Now, let’s derive those same standard errors for the centered version. We’ll start be extracting the standard errors and covariances of the coefficients. Then we’ll combine them. Although we could do this more elegantly, we’ll write it out in full to make it obvious what’s happening.

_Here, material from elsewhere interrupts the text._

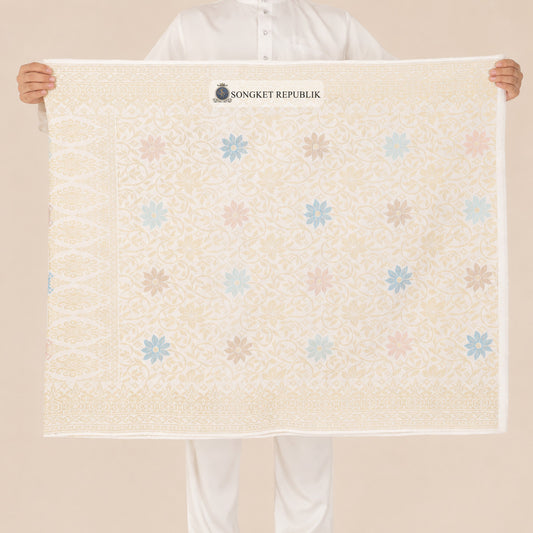 SAMPIN MENTERI-WHITE GOLD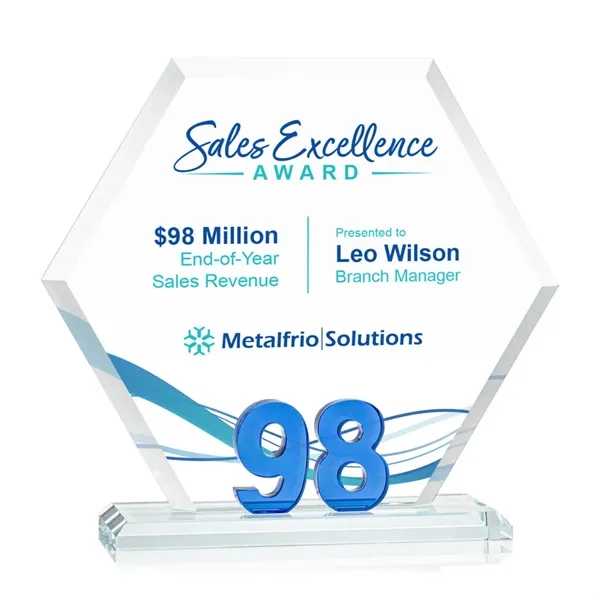 Mark a milestone in your organization with our Starfire Crystal Riviera... from ASI 84592 St Regis Group / St Regis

se <- summary(m2.2)$coef[,2]
x1x2_low <- min(dat$x2_cent)
x1x2_high <- max(dat$x2_cent)
x1x3_low <- min(dat$x3_cent)
x1x3_high <- max(dat$x3_cent)
vcov_x1_x1x2 <- vcov(m2.2)[5, 2]
vcov_x1_x1x3 <- vcov(m2.2)[6, 2]
vcov_x1x2_x1x3 <- vcov(m2.2)[6, 5]
se_x1 <- se[2]
se_x1x2 <- se[5]
se_x1x3 <- se[6]

Standard error on the slope at the first factor level:

as.numeric(
sqrt(x1x2_low^2 * se_x1x2^2 + 
     x1x3_low^2 * se_x1x3^2 +
     se_x1^2 +
     2 * x1x2_low * vcov_x1_x1x2 +
     2 * x1x3_low * vcov_x1_x1x3 +
     2 * x1x2_low * x1x3_low * vcov_x1x2_x1x3)
)
## [1] 0.1114734

This matches the version from the uncentered model:

summary(m2)$coef[2,2] 
## [1] 0.1114734

And the second level:

as.numeric(
sqrt(x1x2_high^2 * se_x1x2^2 + 
     x1x3_low^2 * se_x1x3^2 +
     se_x1^2 +
     2 * x1x2_high * vcov_x1_x1x2 +
     2 * x1x3_low * vcov_x1_x1x3 +
     2 * x1x2_high * x1x3_low * vcov_x1x2_x1x3)
)
## [1] 0.09118352

And the third level:

as.numeric(
sqrt(x1x2_low^2 * se_x1x2^2 + 
     x1x3_high^2 * se_x1x3^2 +
     se_x1^2 +
     2 * x1x2_low * vcov_x1_x1x2 +
     2 * x1x3_high * vcov_x1_x1x3 +
     2 * x1x2_low * x1x3_high * vcov_x1x2_x1x3)
)
## [1] 0.1117044

Again, comparing to the uncentered version, they match:

se <- summary(m2)$coef[,2]
sqrt(se[5]^2 - se[2]^2)
##      x1:f2 
## 0.09118352
sqrt(se[6]^2 - se[2]^2)
##     x1:f3 
## 0.1117044

Whether or not you center your predictors, transforming your factor coefficient interactions like the above can be a powerful way of displaying data. For example see Figure 1 in O’Regan et al. 2014, Ecology, 95(4) where we use this method to illustrate the effect of climate warming and drying on four responses across three amphibian species. Each panel represents a single model and we’ve adjusted the coefficients so that each effect is with respect to zero instead of with respect to another factor level. If this kind of presentation of the results is all you’re after, then there’s no need to center the factor levels. If, however, you also want to apply model averaging to coefficient values that include interactions, you will need to center your predictors and combine the coefficients as in the above example.